Location
- 61 Sir Winston Churchill Ave St. Albert, Alberta, T8N 0G5 Canada 53°37′43″N 113°36′02″W﻿ / ﻿53.62854°N 113.600667°W

Information
- School type: Public
- Founded: 1959
- School board: St. Albert Public School District No. 5565
- Principal: Dawn Rothwell
- Grades: K-6
- Enrollment: 530
- Language: English
- Website: samem.spschools.org

= Sir Alexander Mackenzie Elementary School (St. Albert) =

Alberta elementary school

Sir Alexander Mackenzie Elementary School (SAM) is a school in St. Albert, Alberta, Canada, and is a part of St. Albert Public Schools. Opened in 1959, Sir Alexander Mackenzie was the first Protestant school in St. Albert, and was the first school opened by its board. It was named after Alexander Mackenzie, a Scottish explorer who crossed what is now Canada.

== Programs ==

=== Kindergarten ===
Like all elementary schools within the St. Albert Public Schools district, SAM offers a Kindergarten program for children of at least five years in age. The Kindergarten program prepares students for entrance into the first grade by developing relationship and problem solving skills, as well as providing a foundation in language, writing, and the arts.

=== Academic Challenge ===
The academic challenge program is designed for students who excel in their studies and require an additional challenge compared to what would be provided in a regular classroom setting. The program is intended for students with increased ability in areas such as abstract thought and creative thinking. The academic challenge program is offered to students in grades 4–6, and participants must be recommended to the program by the school. Qualification tests are required for entrance into the program.

== History ==
Sir Alexander Mackenzie School was the first school built by its parent school board, then known as Protestant Separate School District No. 6, and was the first Protestant school in St. Albert. Both the district and the school were created in order to accommodate a growing population of Protestant students in St. Albert. The school building was built in 1958 and opened for its first classes in January 1959. Its opening was originally planned for the start of the school year in September 1958, but due to disagreements between the architect of the school and the city of St. Albert's building inspectors, the building was not completed until the school year had already been underway. As a result, the school's 98 grade 1 to 7 students and nine teaching staff were forced to hold classes in the basement of the St. Albert United Church instead.

Two different sites were considered for the school: "River Lot 50," and "site 3," with the school being built on the former. The latter would eventually become the site of the district's first high school, Paul Kane. The ten acres of land that the school was to occupy was purchased at a cost of $10,000 an acre, with the total cost of the school coming to $374,243 to build.

Sir Alexander Mackenzie School was named after Sir Alexander Mackenzie, a Scottish explorer who explored much of what is now Canada.

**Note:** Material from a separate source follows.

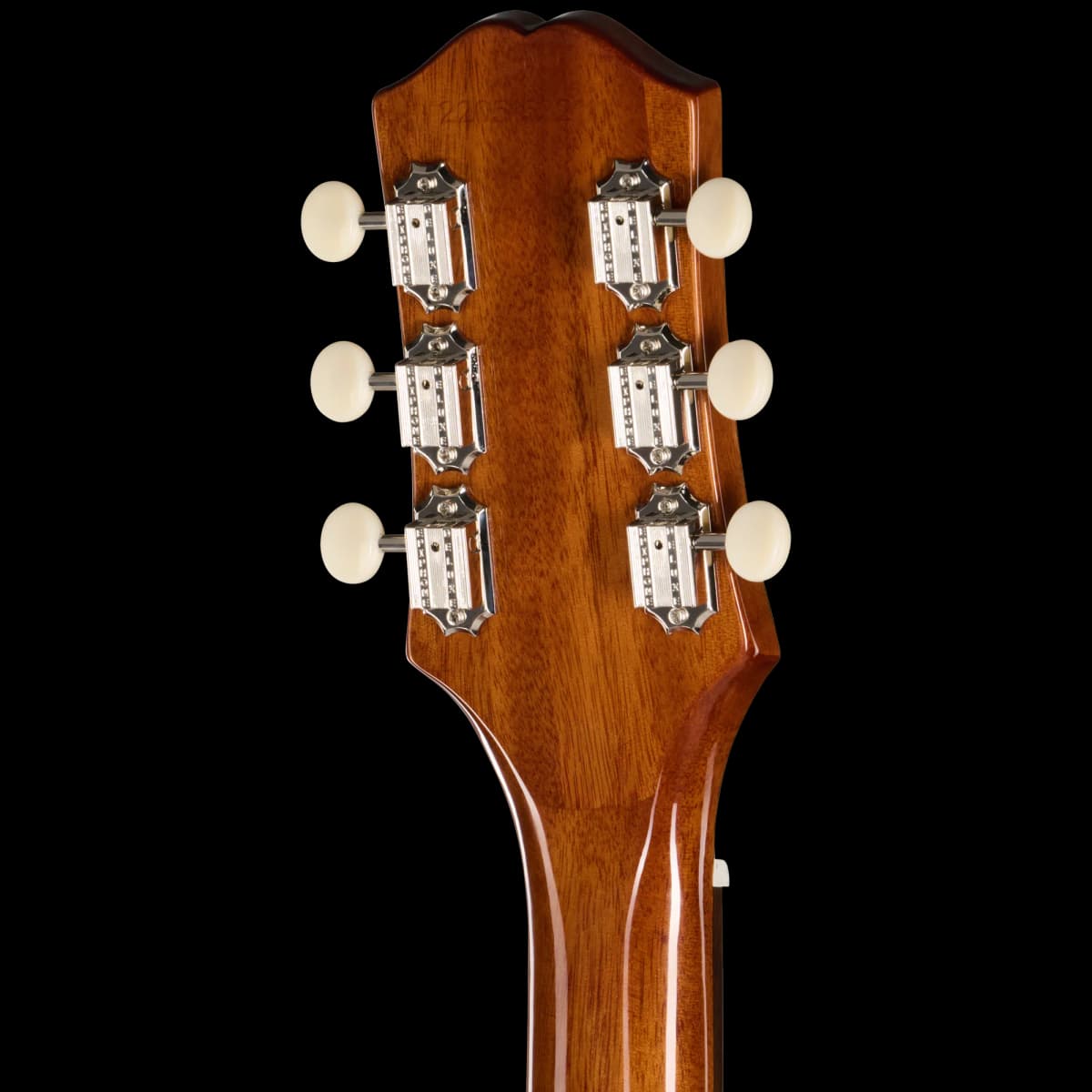Epiphone Les Paul Junior, Tobacco Burst — photo 6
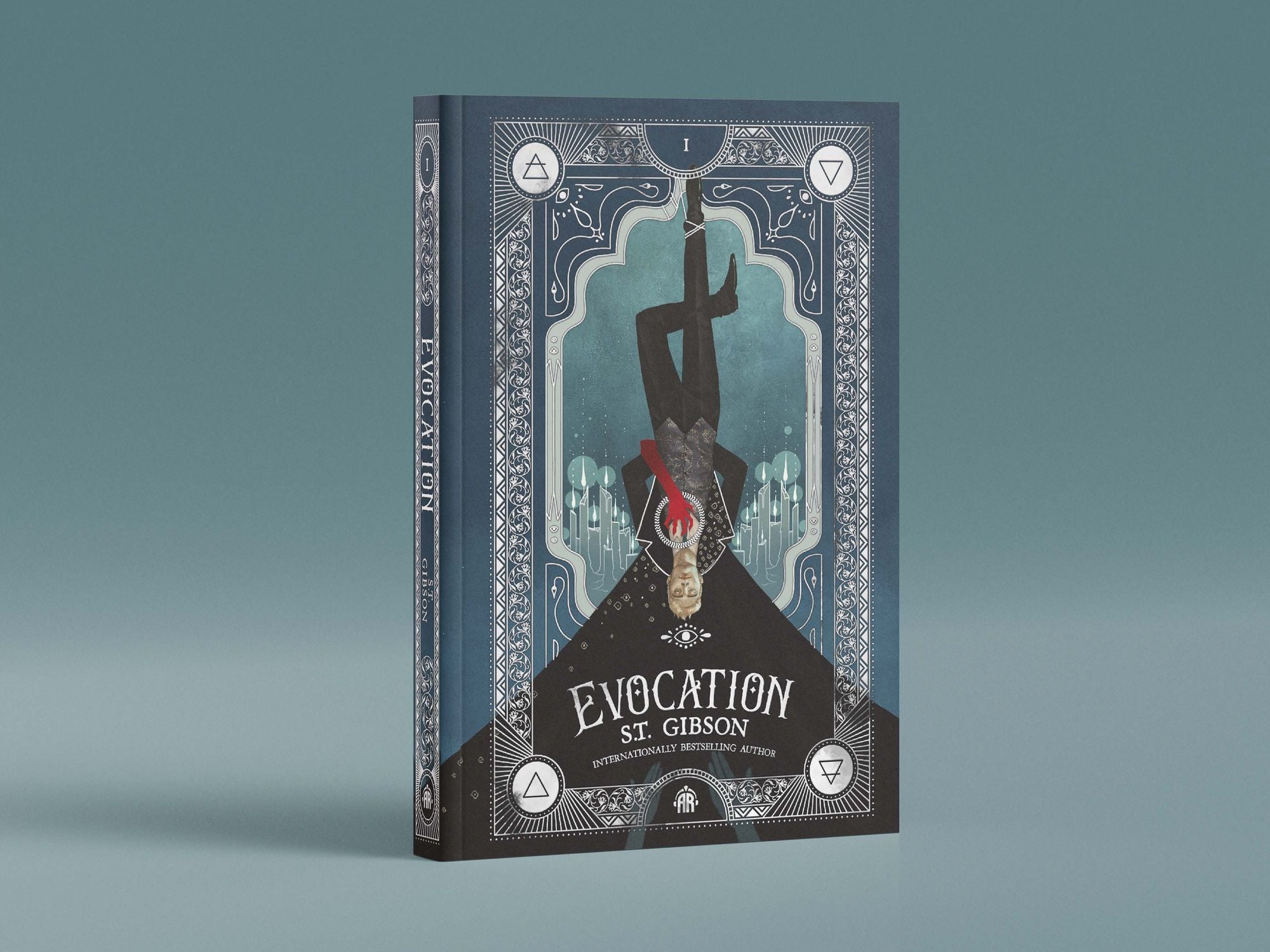 Evocation: Book I in The Summoner's Circle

The name was chosen by submission and picked by committee, which began a tradition within the district of choosing the names of historical figures for its schools.

Until the opening of Paul Kane, the district's first high school, Sir Alexander Mackenzie hosted students up to the 11th grade. After the opening of Paul Kane, the school became an elementary-junior high school. Sir Alexander Mackenzie became an elementary school in 1973, hosting students from Kindergarten to grade 6.

An open area was added to the school in 1970, which would later be divided into a library and new classrooms.

By 1984, the school had 425 students and 32 staff members, 21 of which were teachers. As of 2018, the school has 530 students.

In 2012, Protestant Separate School District No. 6 became public at the request of the Alberta government. As a result, Sir Alexander Mackenzie is no longer a Protestant school.